Question #d1389

Jun 1, 2017

For ideal gas on a pV diagram, an adiabatic curve is always steeper than an isotherm if they intersect.

Explanation:

The ideal gas equation: $p V = n R T$

• $p$ is pressure
• $V$ is volume
• $n$ is number of moles
• $R$ is ideal gas constant
• $T$ is the absolute temperature

For an isothermal process, the right hand side of the ideal gas equation does not change.
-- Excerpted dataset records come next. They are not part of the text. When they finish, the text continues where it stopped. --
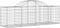 vidaXL - Schanskorven - 2 - st - gewelfd - 200x50x60/80 - cm - gegalvaniseerd - ijzer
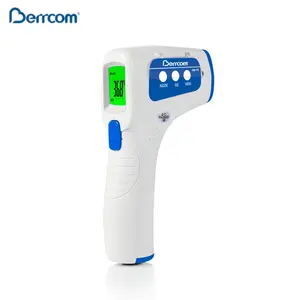 Termômetro de alta precisão, medição rápida diagram de alta precisão de termômetro infra clínico sem contato bebê corpo infravermelho pistola termômetro testa
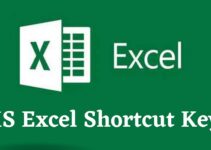 List of all Microsoft Excel Shortcut Keys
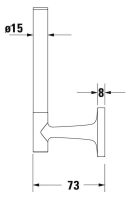 Vorschau: Duravit Starck T Ersatzrollenhalter, wandhängend, chrom 0099391000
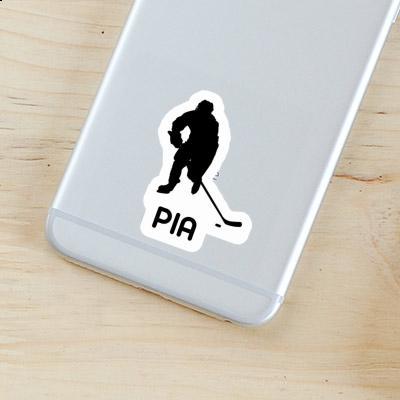 Autocollant Joueur de hockey Pia Image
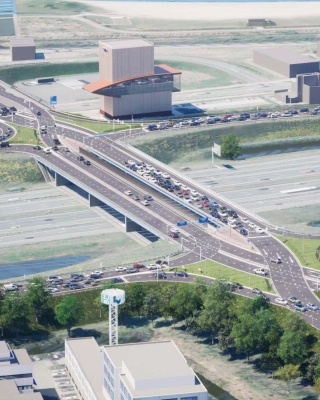 Diverging Diamond Interchange at N230-A2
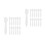400Pcs Practical Makeup Scoop Transparent Cosmetic Tool for Face Mask 10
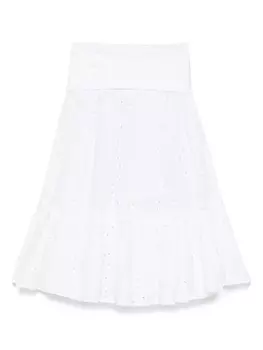 Вышитое платье Miss Grant Kids, белый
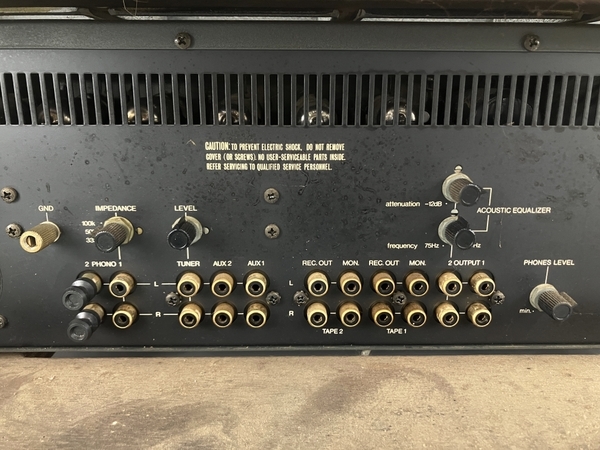 LUXMAN CL36 真空管 プリアンプ ウッドケース付き 音響機材 ジャンク Y8441266_画像7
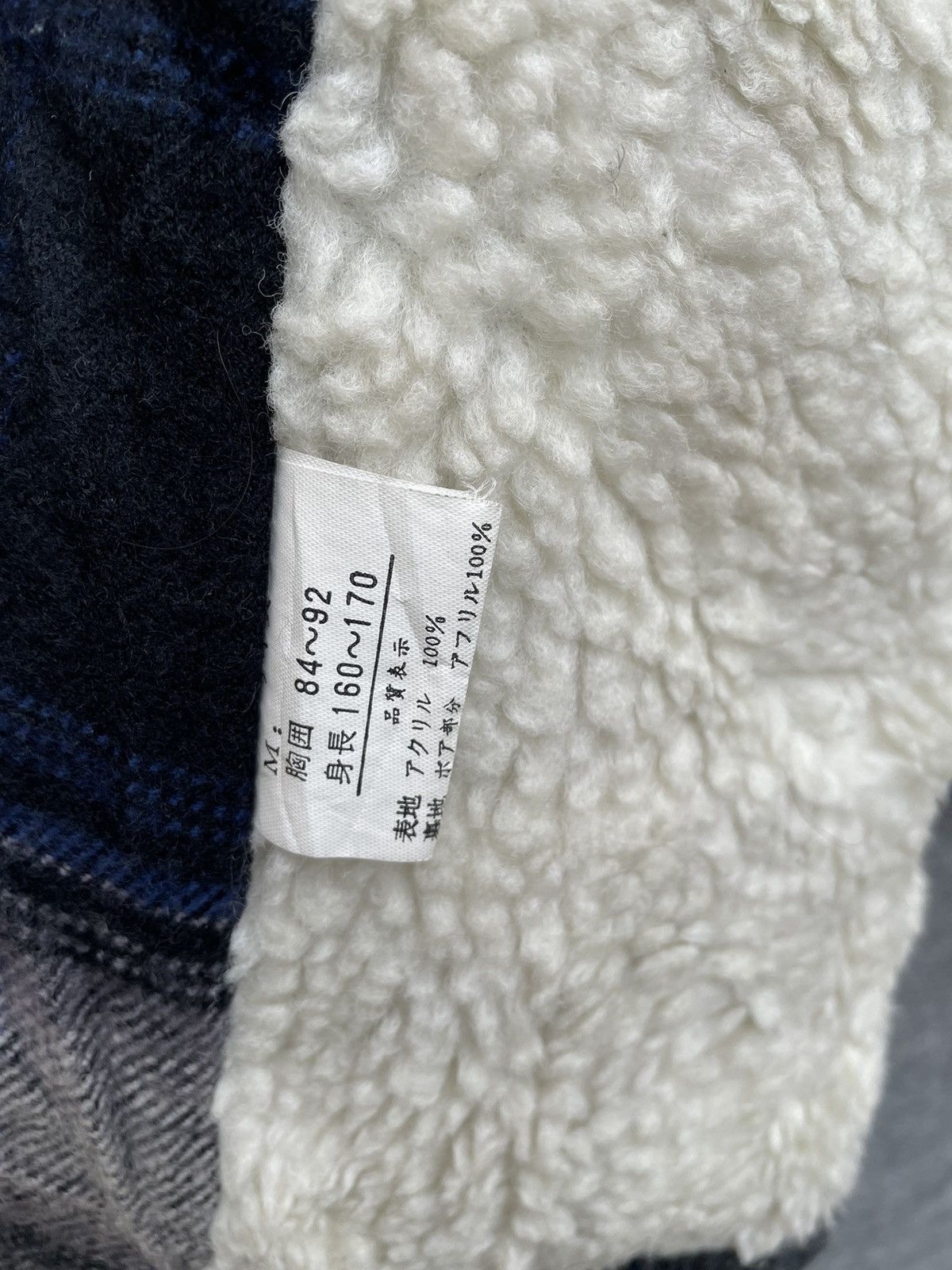 Flannel × Japanese Brand × Vintage VINTAGE ANDLO SHEARLING FLANNEL JACKET Size US M / EU 48-50 / 2 - 6 Thumbnail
Which means

$p V = \text{constant}$

The slope at any point is given by

$\frac{\mathrm{dp}}{\mathrm{dV}} = - \frac{p}{V}$

using implicit differentiation or any other methods.

For adiabatic processes, the path would follow a curve of the following form:

$p {V}^{\gamma} = \text{constant}$

$\gamma$ in the above equation is treated as a constant and is meant to be the ratio of heat capacities at constant pressure, ${c}_{p}$, to heat capacity at constant volume, ${c}_{V}$. This can be derived using the first Law of Thermodynamics.

Differetiating to find the slope

$\frac{\mathrm{dp}}{\mathrm{dV}} = - \gamma \frac{p}{V}$

This looks very similar to the expression for the slope of isotherm, except that gamma is always > 1 and therefore the slope would be steeper.